Our Three Determinations

EVERY FILE RECEIVES ONE OF THESE.

RESOLVED

The matter is closed. Something in the file — the elapsed time, the context, the framing, the simple act of writing it down and having someone read it — resolves the open question. Not always by answering it. Sometimes by changing what the question was.

71% of files receive this determination. We don't predict which ones. The ones that do tend to surprise the people who submitted them.

UNRESOLVABLE

Some things can't be resolved. The other party can't be reached. The information needed doesn't exist. The question is unanswerable by its nature. This is also an answer. An Unresolvable determination formally closes the file on the grounds that no resolution is possible — and that expecting one was the source of the problem.

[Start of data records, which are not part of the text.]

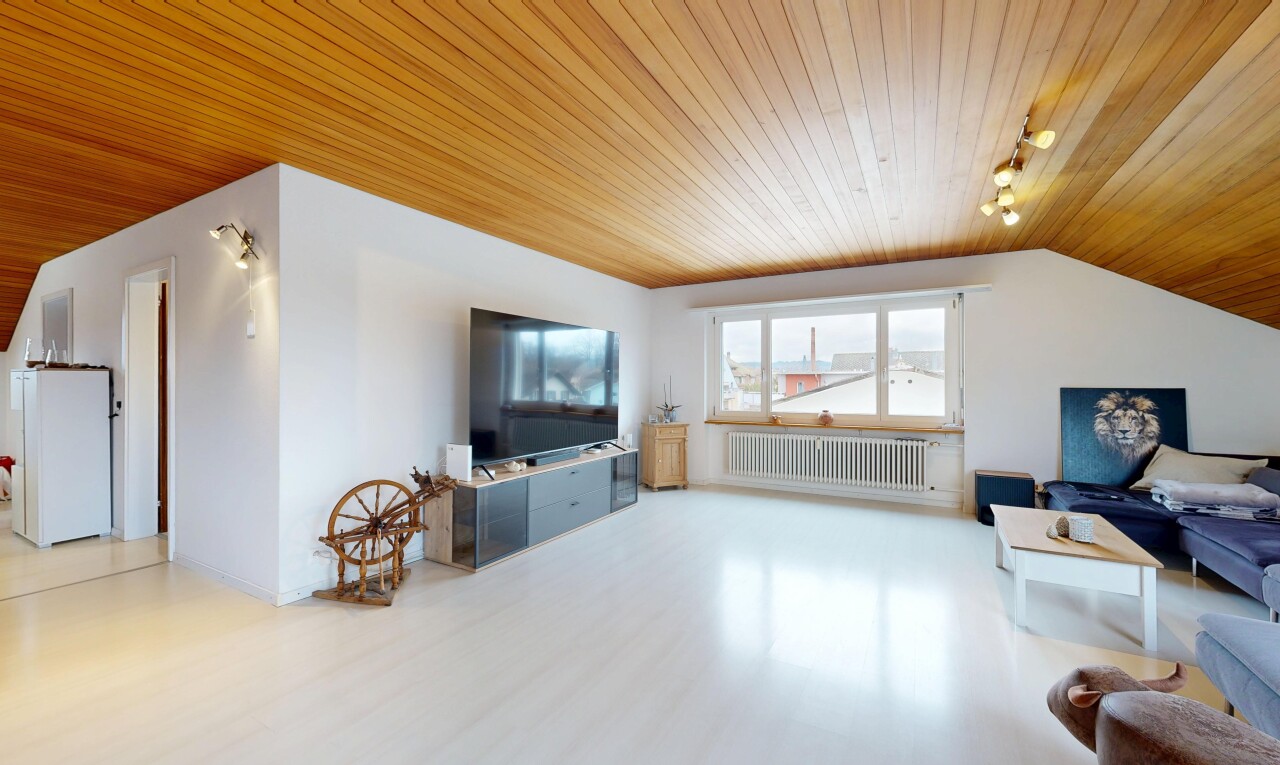 living room with wood ceiling, track lighting, radiator heating unit, wood finished floors, and lofted ceiling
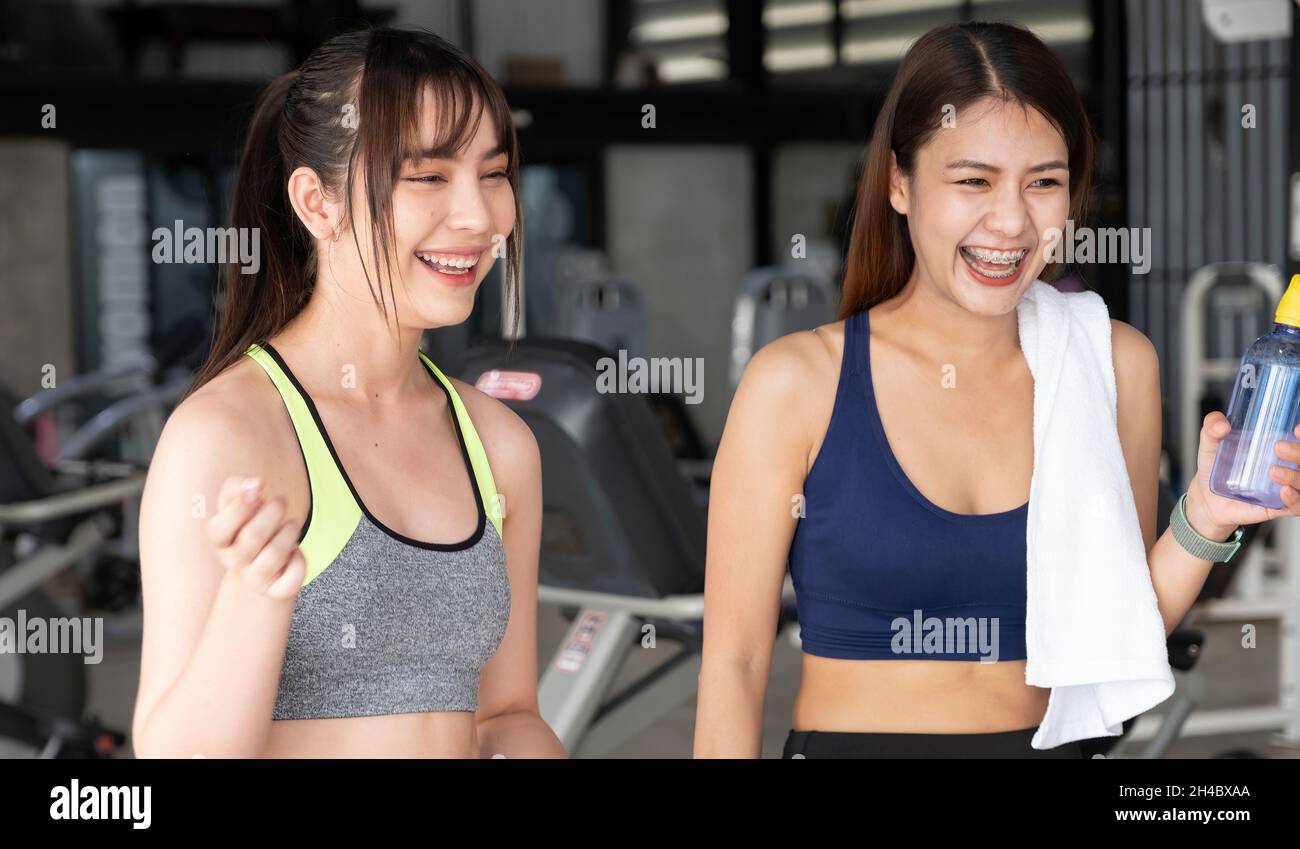 Glückliches zwei fleckiges Mädchen, das nach dem Training im Fitnessstudio miteinander redet. Stockfoto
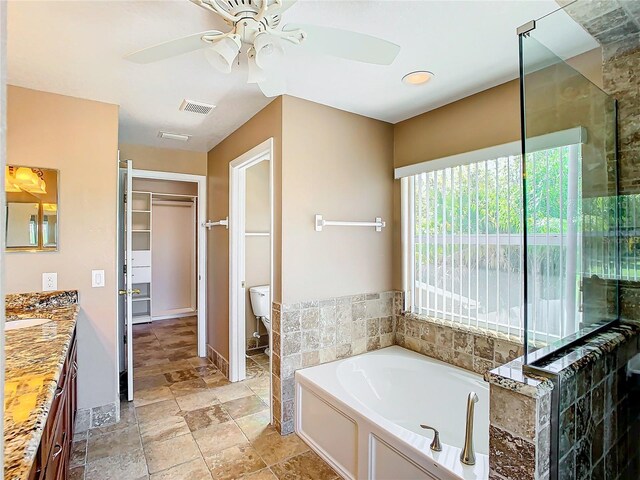 full bathroom with plus walk in shower, vanity, toilet, and ceiling fan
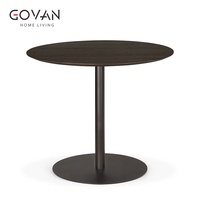 Table à manger ronde de la série Nordic en micro-ciment à finition mixte, idéale pour les salles à manger domestiques et les espaces commerciaux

28% of files. This determination is often the harder one to receive. It is also, frequently, the more useful one.

PENDING FURTHER EVIDENCE

Rare. We issue this when something specific is missing that, if found, would genuinely change the determination. We tell you what to look for. If you find it and resubmit, we re-review. We do not issue this determination to avoid making a harder call. We issue it when we mean it.

1% of files. We've issued this determination 12 times. 7 of those files were subsequently resubmitted with new evidence. 5 resolved. 2 became Unresolvable.

Determinations are final. We do not re-open closed files. We do not offer appeals. If new evidence emerges that is genuinely material, you may submit it as a new file. We will read it as such, without reference to the prior determination. You start with a clean record. That is also sometimes the point.